Most Active Stories
Mon October 24, 2011
Keys To Rangers' Game 4 Win: 1 Swing, 112 Pitches
RENEE MONTAGNE, host: The Texas Rangers beat the St. Louis Cardinals four to nothing in Arlington, Texas last night. The win evens the series at two games apiece. The keys to the Rangers' victory were a single swing to the bat on offense and 112 pitches from their starter, Derek Holland. NPR's Mike Pesca was at the ballpark and filed this report.
MIKE PESCA: Mike Napoli - Napoli. It's fun to say. Napoli.
UNIDENTIFIED GROUP: Napoli. Napoli. Napoli. Napoli.

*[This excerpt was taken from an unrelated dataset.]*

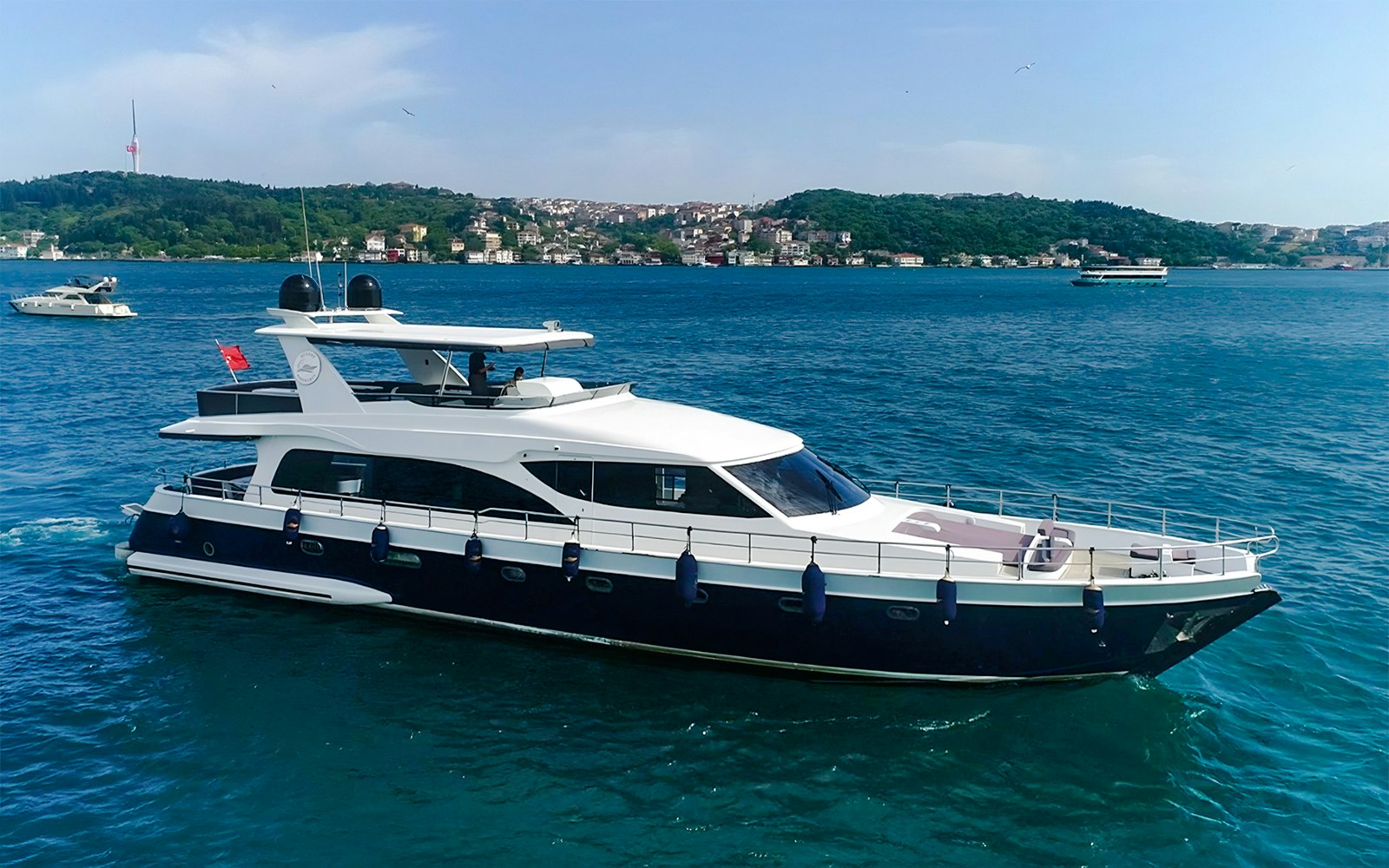Aerial view of a yacht cruising on the Bosphorus Strait in Istanbul, Turkey.
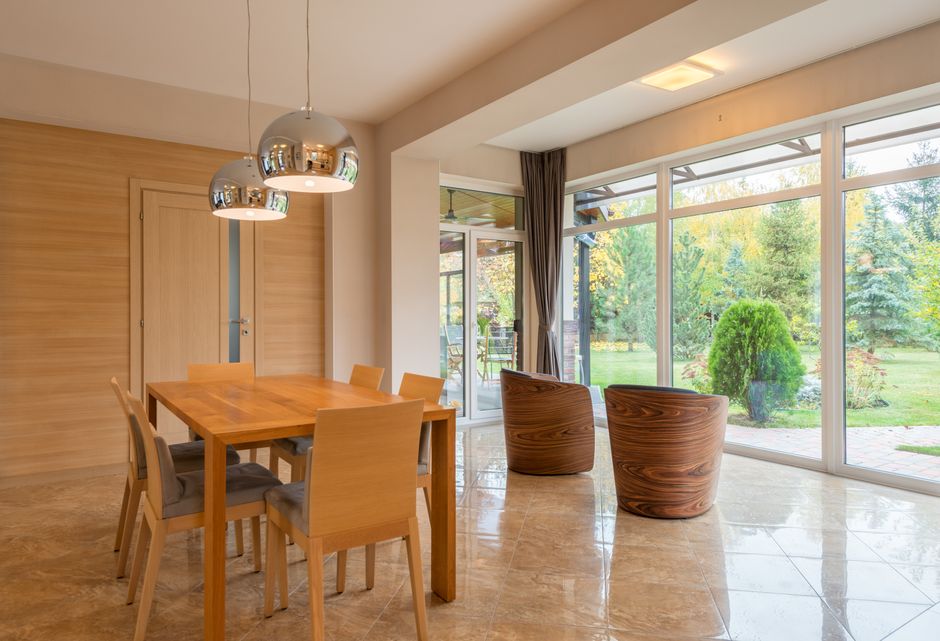 Large wooden dining table in a well-lit room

PESCA: Rangers fans were screaming in the sixth inning as their slugging catcher and sometimes first baseman Mike Napoli came to bat. Edwin Jackson, the Cardinals starter, seemed to be auditioning for the lead of the newest show of the fall season: "Walking Texas Rangers." He'd just given out his seventh free pass, and was lifted in favor of reliever Mitchell Boggs.
Despite Jackson's wildness, the Rangers had only managed one run up to that point, and there was a palpable sense in the ballpark that the Cardinals needed to pay. It took one pitch for some frontier justice, as the Texas Rangers Radio Network had the call.
(SOUNDBITE OF RADIO BROADCAST)
UNIDENTIFIED MAN #1: The set, a high-leg kick, and the pitch. Swung on and belted, deep left field. If it's fair, it's gone. It's way back in the corner. It is history. A three-run Jimmy Jack for Mike Napoli.
PESCA: The Napoli knack for Jimmy Jacks was equaled by Rangers starter Derek Holland's performance on the mound. He brought a two-hitter into the ninth, when, with one on, Rangers manager Ron Washington came out to lift the wispy-lipped lefty. Again, the Rangers Radio Network.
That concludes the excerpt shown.